1. Technical Field
The present invention relates to data processing systems and, in particular, to monitoring resources in a network data processing system. Still more particularly, the present invention provides a method, apparatus, and program for modeling composite resources in a network data processing system.
2. Description of Related Art
The process of provisioning resources can be very complex and may vary in many different aspects. The provisioning processes for each resource type may be different. Monitors are resources that provide information about other resources. For example, a monitor may be used to determine whether a switch is functional. A server may use a monitor to determine whether server resources are exhausted.

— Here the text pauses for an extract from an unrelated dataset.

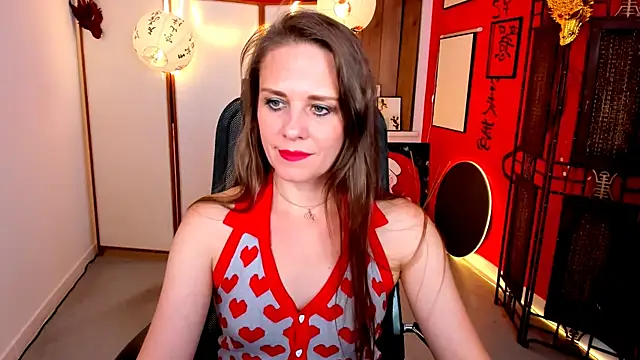 Snapshot of EmiliaBedy chatting on July 10, 9:01 am EmiliaBedy online show from July 10, 9:01 am
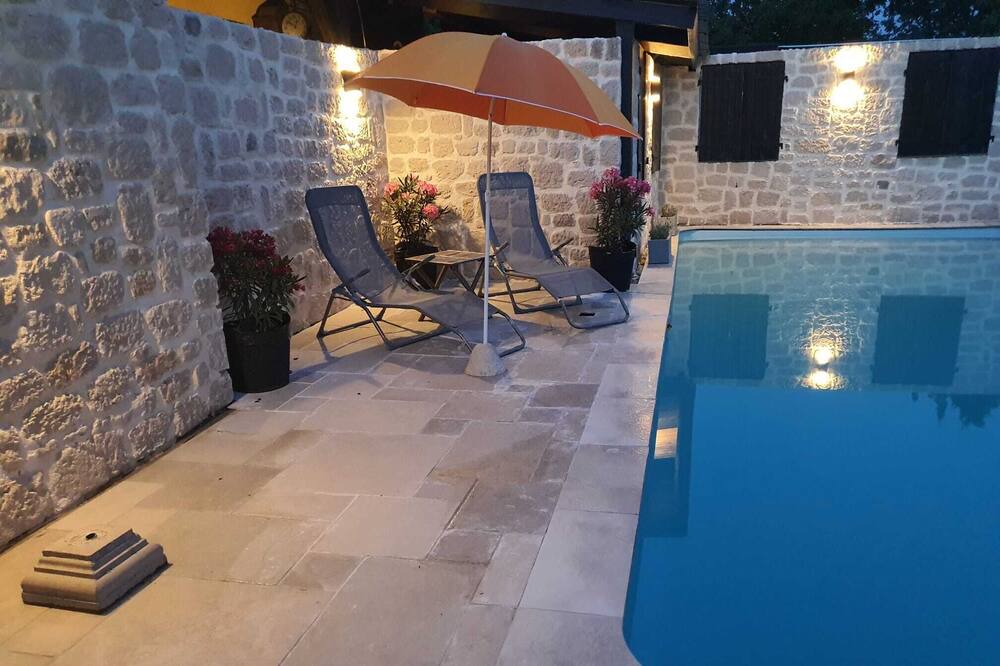 Photo of Outdoor in Montfermier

Metering monitors are deployed on resources such that billing systems may use the monitored data created and collected.
Resource models provide good monitoring capability and metrics on systems and applications. However, resource models are based upon an assumption that the monitor is operating on a discrete and separate system. Computers are often aggregated into clusters or grids. Clustering refers to using two or more computer systems that work together. The term “cluster” generally refers to multiple servers that are linked together in order to handle variable workloads or to provide continued operation in the event one fails.

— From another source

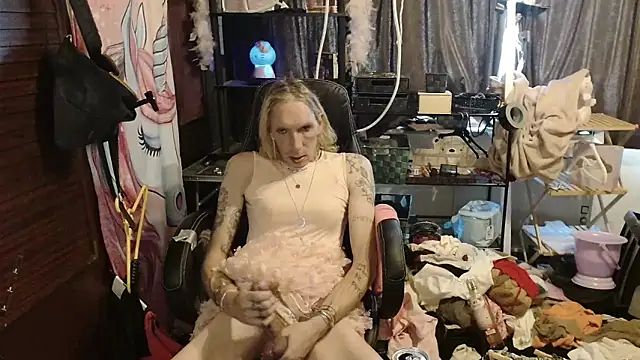 Ombeline1 live sex cam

Individual computers, as well as clusters of computers, may belong to a grid. In fact, grids are often thought of as clusters of clusters. Grid computing is the sharing of central processing unit (CPU) resources across a network so that a plurality of machines function as one large supercomputer. Grid computing, also referred to as peer-to-peer computing or distributed computing, allows unused CPU capacity in any of the machines to be allocated to the total processing job required.
In a large enterprise, hundreds or thousands of desktop machines may be sitting idle at any given moment. A CPU may be considered idle even when a user is reading the screen and not interacting with the machine. Other computing resources may be idle at various times of the day. For instance, a cluster of database servers, or a subset thereof, may be unused during non-business hours, for example during the middle of the night. Case in point, during peek business hours in New York City, most people are likely to be asleep in India. Therefore, at any time of the day there may be unused processing cycles that could be put to use on large computational problems.
When resources, such as computers or applications, are aggregated into clusters or grids, the nature of the information that is reported by resource monitors may be interpreted in a different manner, because the resource being monitored is now part of a cooperative environment and need to be treated as such. For example, suppose a processor fails in a multiprocessing system with four processors and that multiprocessing system is one of four servers in a cluster, wherein each server is a multiprocessing system with four processors. When the failure of the processor is reported by the resource monitor, the meaning of this information is very different when considered with respect to the cluster rather than the individual server. For an individual computer, the processor failure represents a failure of one fourth of the CPU resources; however, for the cluster, the processor failure represents a failure of only one sixteenth of the CPU resources.